Two fullbacks are currently on the team’s roster — Stanley Havili and Dan Moore — and Indianapolis could very well add another one before the start of preseason games.
Havili, who joined the Colts in March after a trade with the Philadelphia Eagles, fits exactly what the team wants from the position in Hamilton’s offensive system. He’s got good size (6-0, 243) and is a quality run and pass blocker who can catch the ball out of the backfield.
And then there’s Moore (5-11, 240), an undrafted rookie who impressed enough during the spring mini-camps and organized team activity workouts to warrant a longer look during training camp.
Hamilton wants to be able to run the football better and more consistently than the Colts have in recent years. Having a true fullback in the offensive backfield should help.
“I think we have to have a true sense of balance in our offense. We got to be able to run the football as well as pass the football. We’re going to do whatever we need to do to score ultimately,” the former Stanford offensive coordinator said Saturday.
“But a fullback, for us, being able to run the power schemes, being able to run the football, is a prize piece in our offense.”
Hamilton said finding the fullback in the Colts’ newly designed offensive system shouldn’t be too hard to find.
“If you just follow the ball, a lot of times the fullback will be somewhere around. … I think that’s a big part of taking some of the burden off the quarterback position. Just being able to run the football when we need to run the football as well as throw the football when those opportunities present themselves.”
• Better balance — Most offenses try to be balanced in terms of running and throwing the ball. But finding the right kind of balance depends on the strength of the offense. The Colts have largely been a pass-first offense with former quarterback Peyton Manning and ex-coordinator Tom Moore leading the way.
Things didn’t change much last season with rookie Andrew Luck and coordinator Bruce Arians, who is now the head coach of the Arizona Cardinals. Arians had Indianapolis running the football 440 times and throwing 628 passes.
This year, Hamilton is hoping to even things out much more.
“It really depends on the situations in our games, how it all comes about. Our goal is to not drop back and throw the football 700 times. Our goal is to do whatever it takes to score touchdowns. We want to be balanced,” he voiced.
“I think over time when you go back and look at what offenses have been successful in the National Football League, especially during December and in the playoffs, the teams that can run the football as well as stop the run and be efficient on third down and in the red zone are the teams that are successful.”
• Learning the offense — Hamilton says that the installation of his offensive system, which is somewhat similar to what he ran as the coordinator at Stanford, continues to go well.

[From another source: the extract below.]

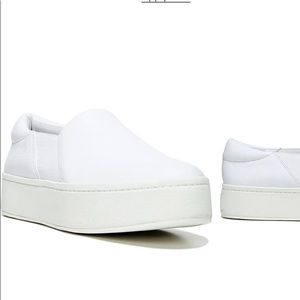 Vince Slip-On Sneaker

“Our guys have been really receptive at understanding that you’re going to have to study and put the time in to learn the details of our offense. Our offense is predicated on not wasting plays. We have to be very detailed and exact in everything we do,” he explained.
“We want to be efficient but at the same time, we want to score points and score a lot of points. Our guys, they’ve worked their tails off over the course of the offseason to prepare themselves both mentally and physically to be ready to do whatever it takes for us to score touchdowns.”

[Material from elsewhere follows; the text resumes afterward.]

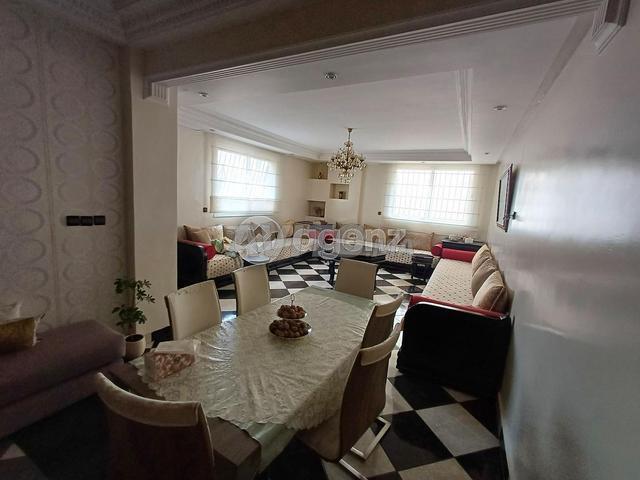 CMN MA 2160 Appartement à vendre à Burger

• Familiarity with the offense — Luck, tight end Coby Fleener and wide receiver Griff Whalen all played in Hamilton’s offense while at Stanford. While there have been some tweaks in the system since coming to Indianapolis, it’s pretty close to the collegiate version.
“I think I’ll be pretty familiar,” Fleener acknowledged. “Some of the terms will change and we’ll kind of form-fit it to where it’s easier to learn from guys from the offense from last year. Outside of that, I think I’ll have a good shot. It will definitely be different [from last year’s offense]. How different? I don’t know. That’s going to be a game-by-game thing.”
• Injury updates — Rookie offensive guard Hugh Thornton did not take part in either of Sunday’s practices. Thornton’s right foot was in a walking boot. There was no official explanation on the extent or cause of the injury. Also sitting out were inside linebacker Pat Angerer (foot) and running back Ahmad Bradshaw (foot). Both were placed on the Colts’ physically-unable-to-perform list Saturday evening.
Bradshaw made an appearance at Sunday afternoon’s practice. He watched from the sidelines but was not wearing a walking boot on his surgically repaired foot.
Nose tackle Brandon McKinney, who missed the entire 2012 season after suffering a knee injury early in last year’s training camp, sat out Sunday afternoon’s workout.
Tight end Dwayne Allen left practice Sunday afternoon and had treatment in the trainers’ tent. The injury was thought to be a blister. He later returned and caught a pass.
• Defensive lineup — Defensive tackle Ricky Jean Francois, nose tackle Aubrayo Franklin and defensive end Cory Redding worked with the first defensive unit Sunday. With Angerer sidelined, Jerrell Freeman and Kavell Conner were the two starting inside linebackers. Inside linebacker Kelvin Sheppard rotated with Conner in nickel situations.
• McNary expected this week — Rookie outside linebacker Josh McNary, who signed with the Colts as a free agent last spring, might be able to take part in his first practice as soon as Tuesday.
A standout defensive player at West Point, McNary was expected to finish up his commitment to the Army in late May or early June. The plan was for him to get some work in during the latter stages of the team’s organized team activity practices, but that didn’t happen.
Colts officials were left wondering if and when McNary would be available for training camp or the season.
“With the military, each case is a little bit different so we have to make sure we’re in tune with the league and our government and military. … But we’re looking forward to finally having Josh in here,” general manager Ryan Grigson said Sunday afternoon.
• Plays of the day — There were several highlights from Sunday’s second workout.
Wide receiver Reggie Wayne made a diving, one-handed catch along the sidelines despite pretty good coverage on the play.
Allen’s back-shoulder catch when matching up against outside linebacker Erik Walden was equally impressive. Walden had him covered, but the throw by Luck and the effort by Allen made the play work.
Other top performances included a fake-field-goal touchdown pass from punter Pat McAfee to offensive tackle Bradley Sowell; running back Delone Carter’s short-yardage touchdown run; and an interception return for a touchdown by cornerback Cassius Vaughn off a pass from quarterback Matt Hasselbeck.
Luck finished his first full practice by completing 22 of 34 passes with a pair of touchdowns and one interception.